For each entry below, please return its exact wording and leave out any picture.

• DATA SUPPLIED:
=====

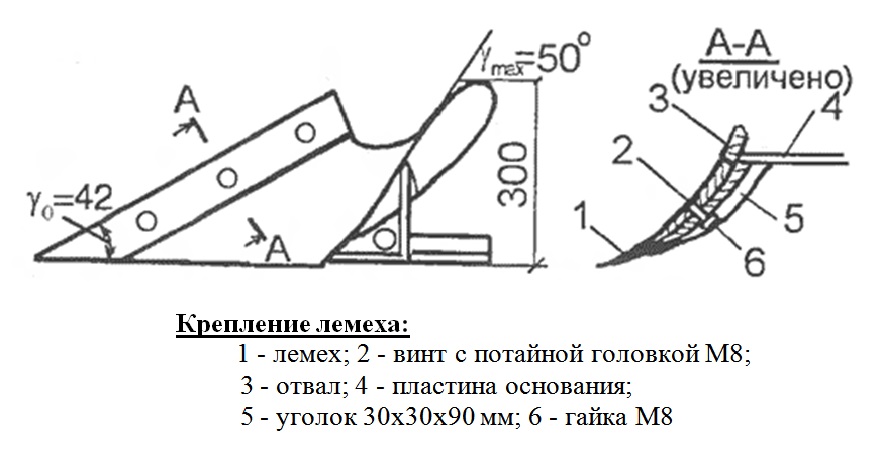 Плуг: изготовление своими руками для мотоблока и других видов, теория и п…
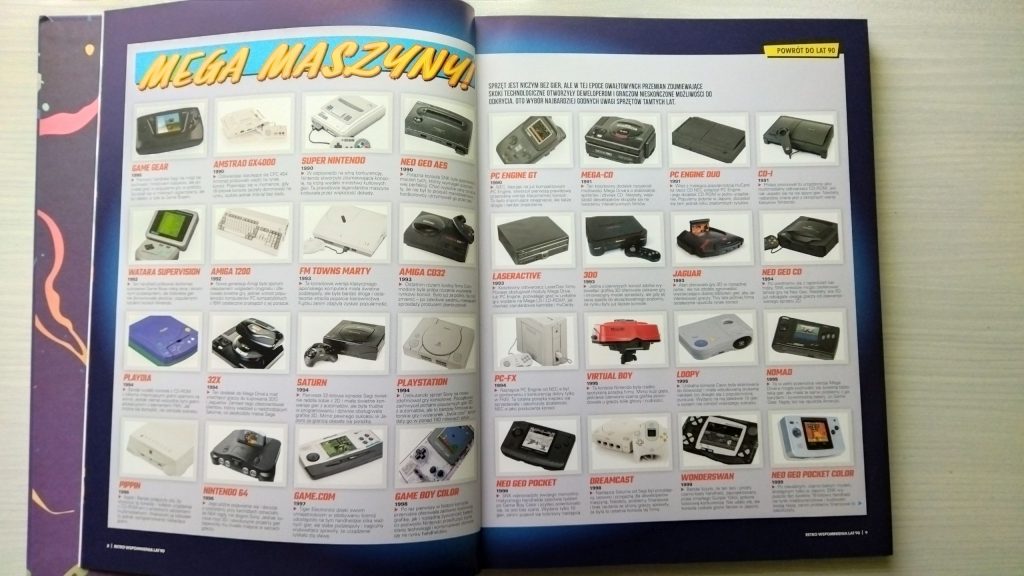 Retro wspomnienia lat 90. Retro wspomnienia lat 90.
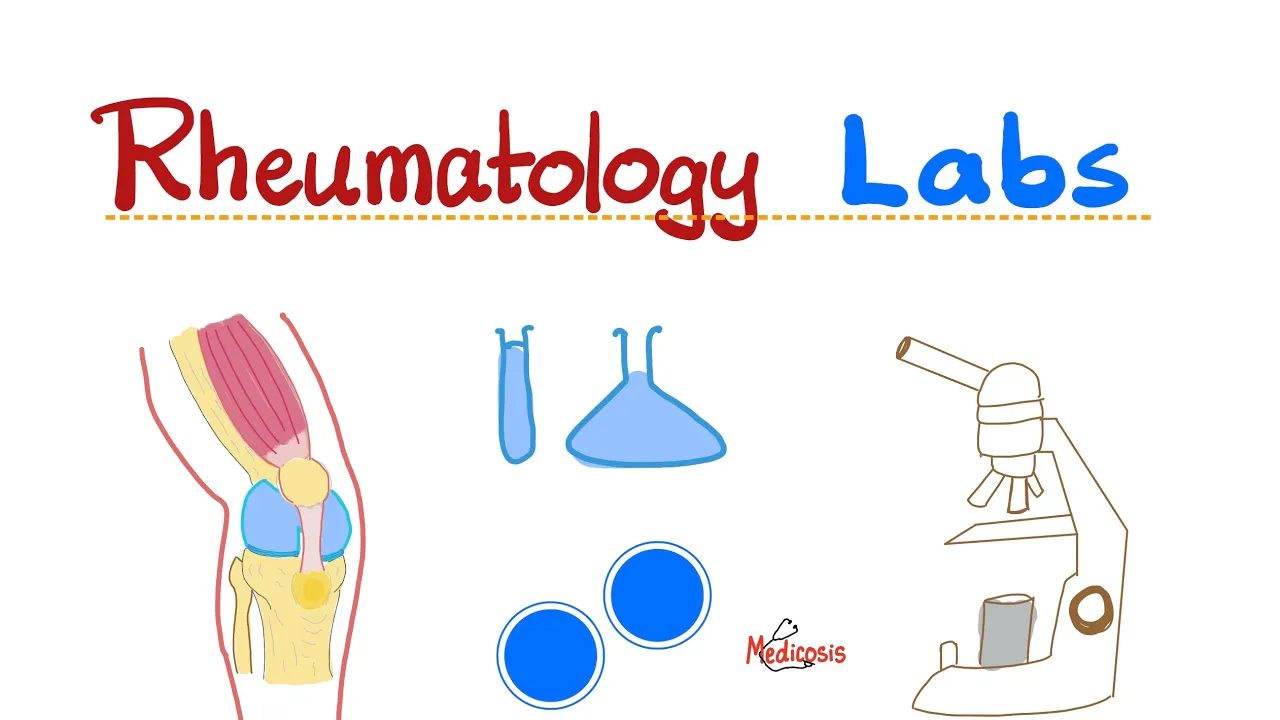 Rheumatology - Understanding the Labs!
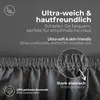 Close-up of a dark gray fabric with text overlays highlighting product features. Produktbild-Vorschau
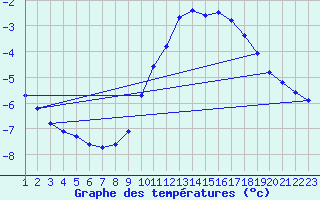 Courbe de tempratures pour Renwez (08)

=====

• WRITTEN REPLY:
 Плуг: изготовление своими руками для мотоблока и других видов, теория и п…
 Retro wspomnienia lat 90. Retro wspomnienia lat 90.
 Rheumatology - Understanding the Labs!
 Close-up of a dark gray fabric with text overlays highlighting product features. Produktbild-Vorschau
 Courbe de tempratures pour Renwez (08)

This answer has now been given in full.